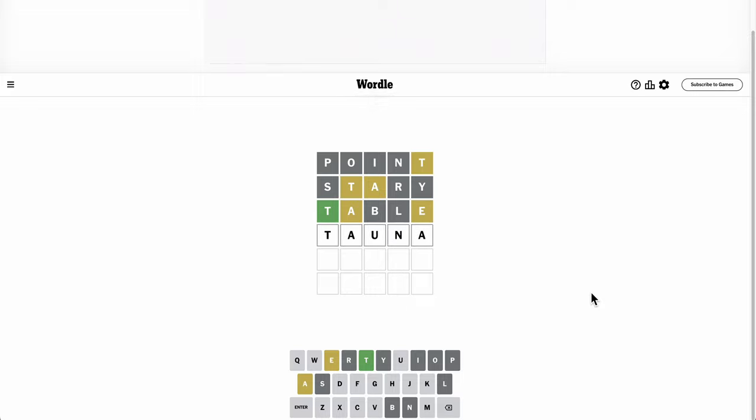TANA? That doesn't even work. Well, TUNA only has four letters.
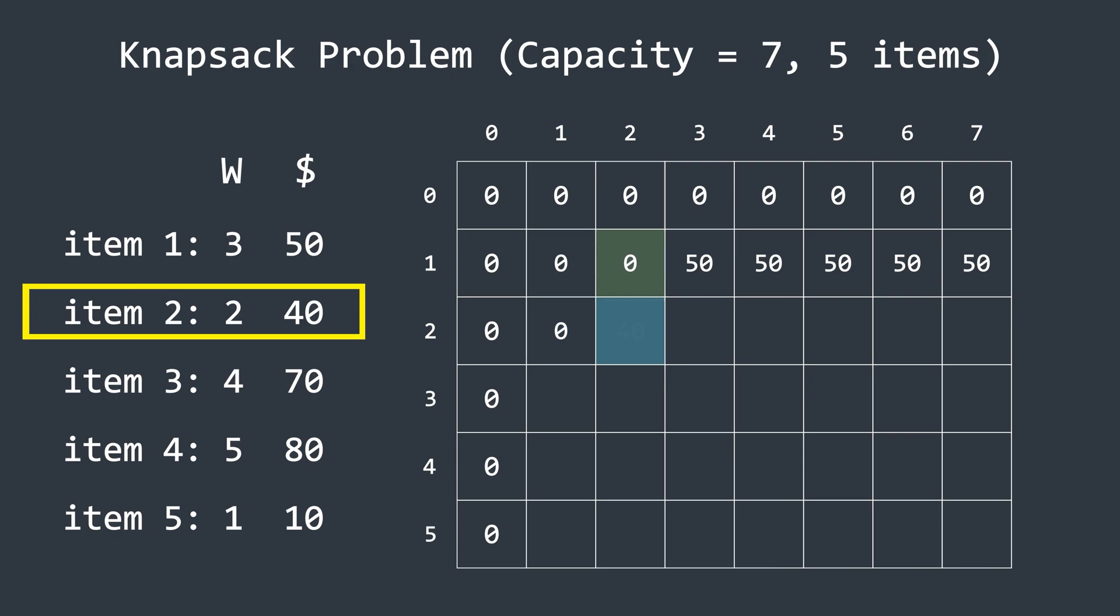Next, we move to the column where the capacity is two. This can hold the current item. Comparing the current profit with the value above, we see that the current profit is 40, which is greater than zero. So we update this cell to 40, and move to the next one. Now, the capacity is three. The current item's weight is two, with a profit of 40. However, the previous row already has a profit of 50, which is higher. So we keep the value as 50 and move to the next column.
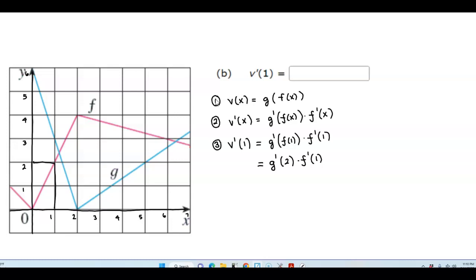We need to find g prime of 2. At x equals 2, we notice there is a corner on the graph of g, and therefore g prime of 2 does not exist. So v prime of 1 does not exist since g prime of 2 does not exist.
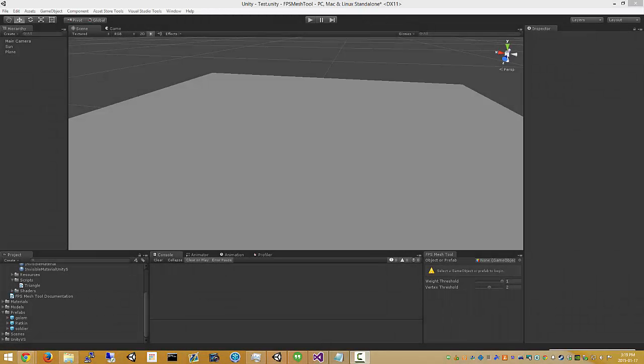In this video I'm going to show you how to use FPS mesh tool to prepare a standard character mesh for use in a first-person shooter.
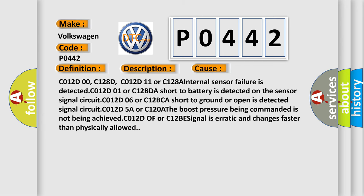C012D00, C128D, C012D11 or C128A internal sensor failure is detected. C012D01 or C12BDA short to battery is detected on the sensor signal circuit. C012D06 or C12BCA short to ground or open is detected. Signal circuit C012D5A or C120A the boost pressure being commanded is not being achieved.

■ ■ ■ ■ ■

Could you output every record above exactly as it appears, without the pictures?

> [ANSWER]:
TANA? That doesn't even work. Well, TUNA only has four letters.
Next, we move to the column where the capacity is two. This can hold the current item. Comparing the current profit with the value above, we see that the current profit is 40, which is greater than zero. So we update this cell to 40, and move to the next one. Now, the capacity is three. The current item's weight is two, with a profit of 40. However, the previous row already has a profit of 50, which is higher. So we keep the value as 50 and move to the next column.
We need to find g prime of 2. At x equals 2, we notice there is a corner on the graph of g, and therefore g prime of 2 does not exist. So v prime of 1 does not exist since g prime of 2 does not exist.
In this video I'm going to show you how to use FPS mesh tool to prepare a standard character mesh for use in a first-person shooter.
C012D00, C128D, C012D11 or C128A internal sensor failure is detected. C012D01 or C12BDA short to battery is detected on the sensor signal circuit. C012D06 or C12BCA short to ground or open is detected. Signal circuit C012D5A or C120A the boost pressure being commanded is not being achieved.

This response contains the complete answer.